## WORK ORDER
Return each record unchanged and drop the images.

★ ★ ★ ★ ★ ★ ★

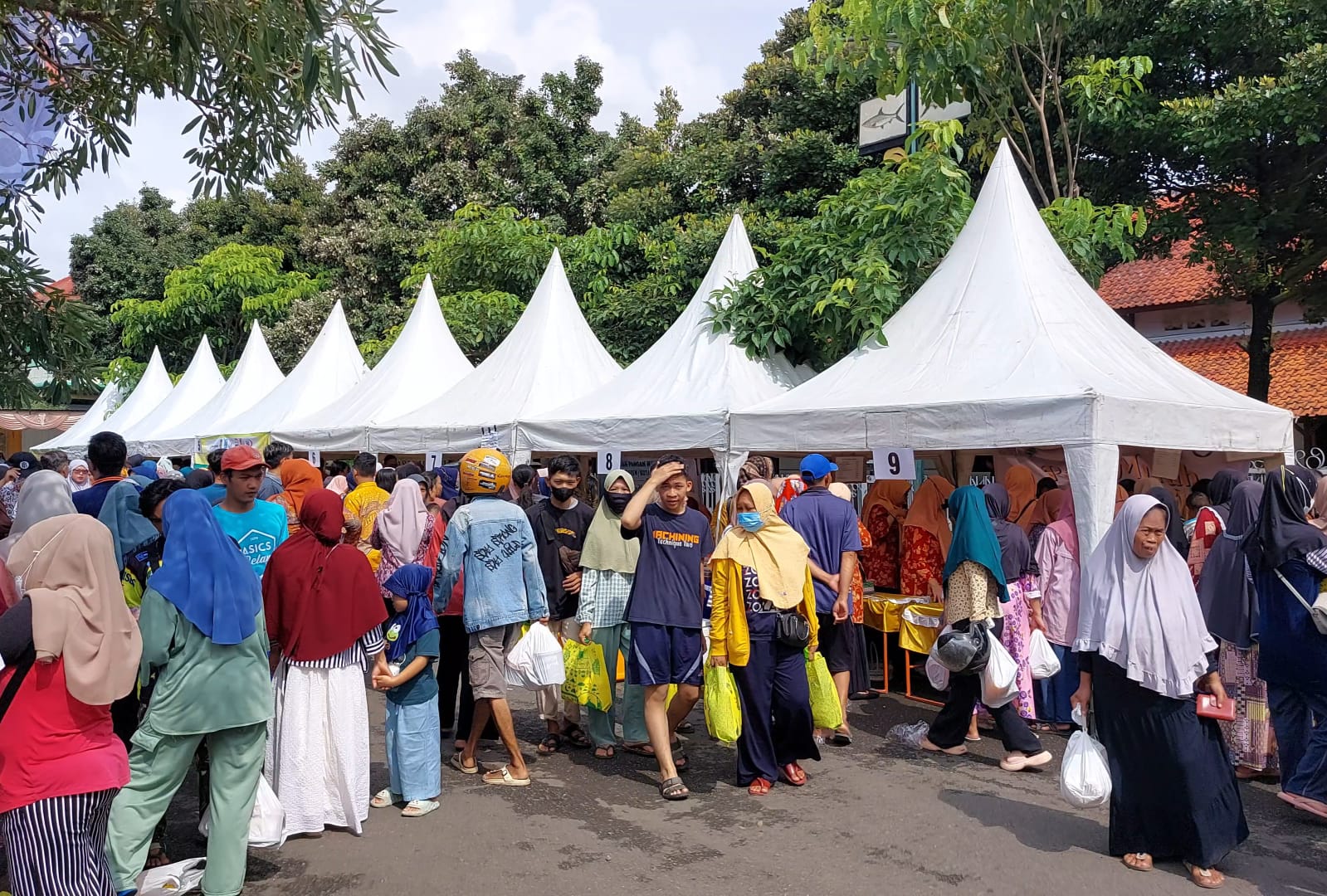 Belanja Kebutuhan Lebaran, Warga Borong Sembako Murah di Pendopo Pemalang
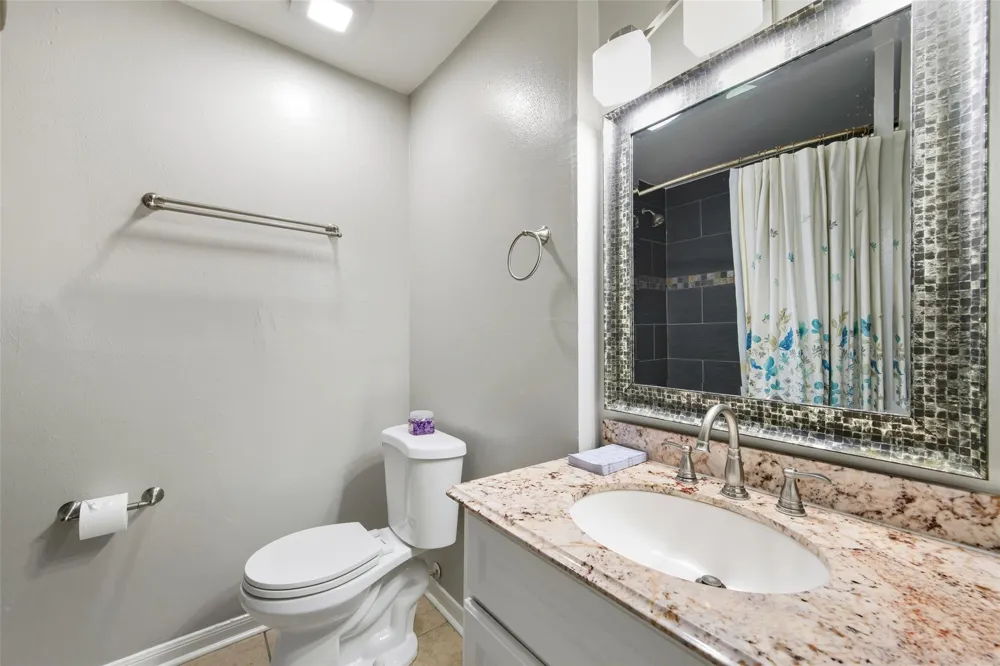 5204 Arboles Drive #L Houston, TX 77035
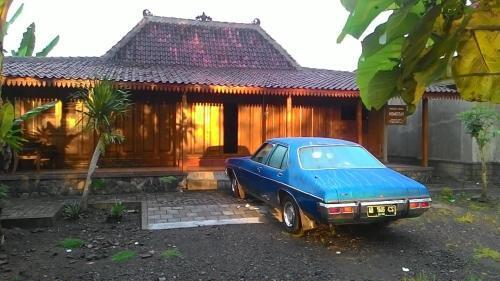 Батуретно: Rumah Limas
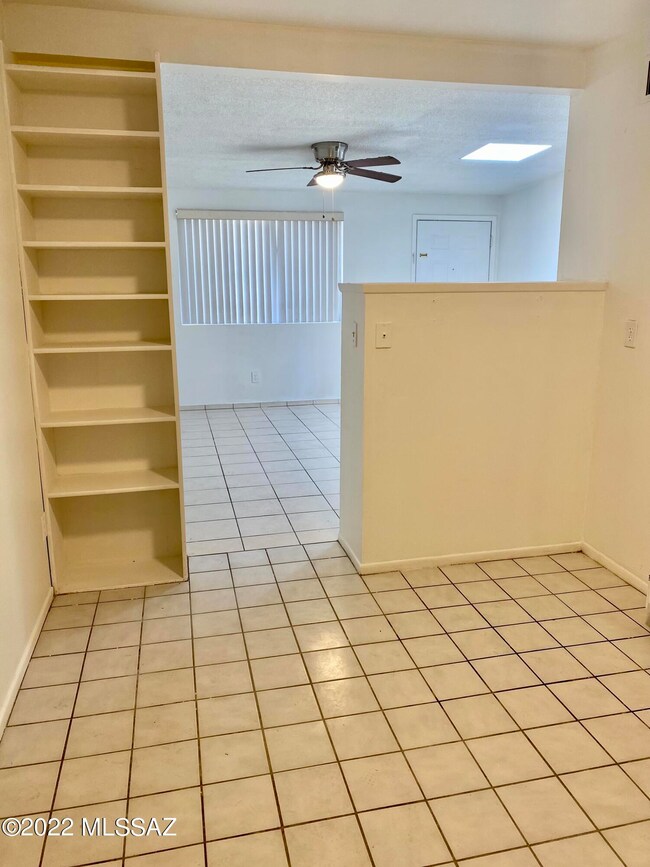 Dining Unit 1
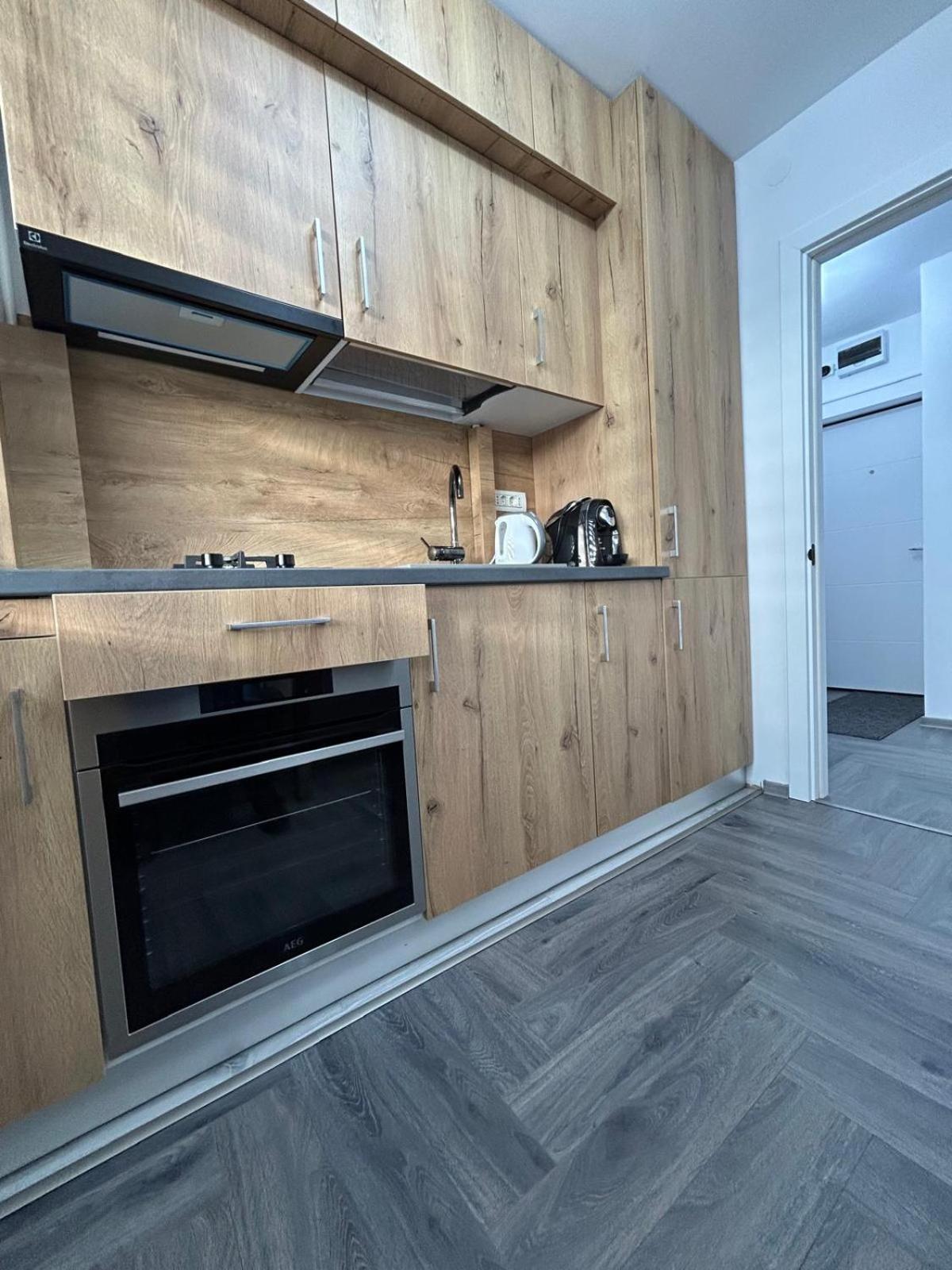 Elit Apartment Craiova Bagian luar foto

★ ★ ★ ★ ★ ★ ★

## ANSWER BOX
 Belanja Kebutuhan Lebaran, Warga Borong Sembako Murah di Pendopo Pemalang
 5204 Arboles Drive #L Houston, TX 77035
 Батуретно: Rumah Limas
 Dining Unit 1
 Elit Apartment Craiova Bagian luar foto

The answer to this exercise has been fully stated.